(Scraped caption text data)
╭──

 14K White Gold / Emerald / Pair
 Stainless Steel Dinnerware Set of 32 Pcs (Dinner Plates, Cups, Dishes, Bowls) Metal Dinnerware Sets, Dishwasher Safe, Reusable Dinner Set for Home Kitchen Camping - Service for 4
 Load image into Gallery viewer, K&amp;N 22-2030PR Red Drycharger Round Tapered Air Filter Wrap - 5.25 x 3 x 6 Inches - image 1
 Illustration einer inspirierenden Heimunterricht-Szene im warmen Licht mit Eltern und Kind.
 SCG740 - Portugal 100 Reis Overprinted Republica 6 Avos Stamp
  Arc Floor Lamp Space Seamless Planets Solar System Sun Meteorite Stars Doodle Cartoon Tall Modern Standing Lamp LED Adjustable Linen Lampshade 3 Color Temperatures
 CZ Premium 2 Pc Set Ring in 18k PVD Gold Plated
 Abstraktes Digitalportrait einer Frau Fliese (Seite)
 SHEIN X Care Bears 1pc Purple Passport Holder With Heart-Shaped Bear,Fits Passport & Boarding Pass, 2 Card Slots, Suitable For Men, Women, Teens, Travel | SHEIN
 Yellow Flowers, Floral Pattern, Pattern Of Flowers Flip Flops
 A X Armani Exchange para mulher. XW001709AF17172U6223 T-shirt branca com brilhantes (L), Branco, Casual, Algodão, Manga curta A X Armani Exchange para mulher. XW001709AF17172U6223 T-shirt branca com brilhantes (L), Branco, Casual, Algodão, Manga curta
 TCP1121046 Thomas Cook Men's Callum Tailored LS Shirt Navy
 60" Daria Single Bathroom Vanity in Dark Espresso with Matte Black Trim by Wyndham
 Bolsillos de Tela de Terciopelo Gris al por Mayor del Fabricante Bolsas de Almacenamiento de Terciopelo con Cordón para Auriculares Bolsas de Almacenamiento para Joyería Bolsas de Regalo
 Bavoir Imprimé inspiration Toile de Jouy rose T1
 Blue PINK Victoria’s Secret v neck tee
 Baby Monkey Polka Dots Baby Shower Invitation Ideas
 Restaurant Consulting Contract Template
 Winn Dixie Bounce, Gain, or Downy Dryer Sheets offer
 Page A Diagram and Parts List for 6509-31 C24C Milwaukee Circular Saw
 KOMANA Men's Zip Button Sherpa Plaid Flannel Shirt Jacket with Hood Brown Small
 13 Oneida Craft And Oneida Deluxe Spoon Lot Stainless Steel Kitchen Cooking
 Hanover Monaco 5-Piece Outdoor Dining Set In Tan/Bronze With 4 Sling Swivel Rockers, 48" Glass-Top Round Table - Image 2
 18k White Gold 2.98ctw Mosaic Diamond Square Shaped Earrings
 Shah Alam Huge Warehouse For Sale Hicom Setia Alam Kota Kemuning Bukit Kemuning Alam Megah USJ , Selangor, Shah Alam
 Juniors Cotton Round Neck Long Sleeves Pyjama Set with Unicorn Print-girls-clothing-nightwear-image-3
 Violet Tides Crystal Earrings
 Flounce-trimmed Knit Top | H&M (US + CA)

╰──

## Brief
Each line above with the string "Shaped" should be reported in full.

## Worked solution
 SHEIN X Care Bears 1pc Purple Passport Holder With Heart-Shaped Bear,Fits Passport & Boarding Pass, 2 Card Slots, Suitable For Men, Women, Teens, Travel | SHEIN
 18k White Gold 2.98ctw Mosaic Diamond Square Shaped Earrings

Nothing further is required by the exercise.